▶ _TASK GOAL_
Write out exactly the lines from the first line of the records below through the line that contains "Elkhorn Lodge Vacation", and stop there.

▶ _DATA EXCERPTS_
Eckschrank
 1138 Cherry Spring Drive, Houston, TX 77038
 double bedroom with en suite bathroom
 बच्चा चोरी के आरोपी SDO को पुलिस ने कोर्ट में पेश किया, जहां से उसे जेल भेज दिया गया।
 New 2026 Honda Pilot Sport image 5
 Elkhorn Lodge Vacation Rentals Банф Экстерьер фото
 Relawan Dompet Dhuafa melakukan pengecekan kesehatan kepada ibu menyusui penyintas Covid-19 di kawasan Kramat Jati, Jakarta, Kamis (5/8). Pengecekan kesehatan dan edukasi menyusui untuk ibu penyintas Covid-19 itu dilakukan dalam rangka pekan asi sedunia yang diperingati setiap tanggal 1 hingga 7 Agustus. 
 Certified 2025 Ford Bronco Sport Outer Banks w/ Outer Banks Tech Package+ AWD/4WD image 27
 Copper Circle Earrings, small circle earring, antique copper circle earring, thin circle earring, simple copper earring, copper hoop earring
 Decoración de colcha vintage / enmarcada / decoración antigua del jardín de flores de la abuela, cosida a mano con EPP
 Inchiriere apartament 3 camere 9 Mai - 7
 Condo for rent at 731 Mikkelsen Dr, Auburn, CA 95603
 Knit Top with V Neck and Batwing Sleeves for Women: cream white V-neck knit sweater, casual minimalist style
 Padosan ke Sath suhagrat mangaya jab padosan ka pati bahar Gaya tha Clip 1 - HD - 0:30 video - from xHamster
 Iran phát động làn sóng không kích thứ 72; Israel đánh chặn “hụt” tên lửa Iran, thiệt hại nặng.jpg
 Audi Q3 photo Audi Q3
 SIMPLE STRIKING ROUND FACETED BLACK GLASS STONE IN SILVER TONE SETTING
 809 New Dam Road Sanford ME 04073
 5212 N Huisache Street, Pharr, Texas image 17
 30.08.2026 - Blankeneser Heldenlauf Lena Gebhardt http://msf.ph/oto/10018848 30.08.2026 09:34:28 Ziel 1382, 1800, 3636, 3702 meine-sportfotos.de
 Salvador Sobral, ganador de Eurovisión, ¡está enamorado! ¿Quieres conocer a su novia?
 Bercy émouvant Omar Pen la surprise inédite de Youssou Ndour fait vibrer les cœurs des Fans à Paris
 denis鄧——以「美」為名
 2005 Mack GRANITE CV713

▶ _ANSWER SECTION_
Eckschrank
 1138 Cherry Spring Drive, Houston, TX 77038
 double bedroom with en suite bathroom
 बच्चा चोरी के आरोपी SDO को पुलिस ने कोर्ट में पेश किया, जहां से उसे जेल भेज दिया गया।
 New 2026 Honda Pilot Sport image 5
 Elkhorn Lodge Vacation Rentals Банф Экстерьер фото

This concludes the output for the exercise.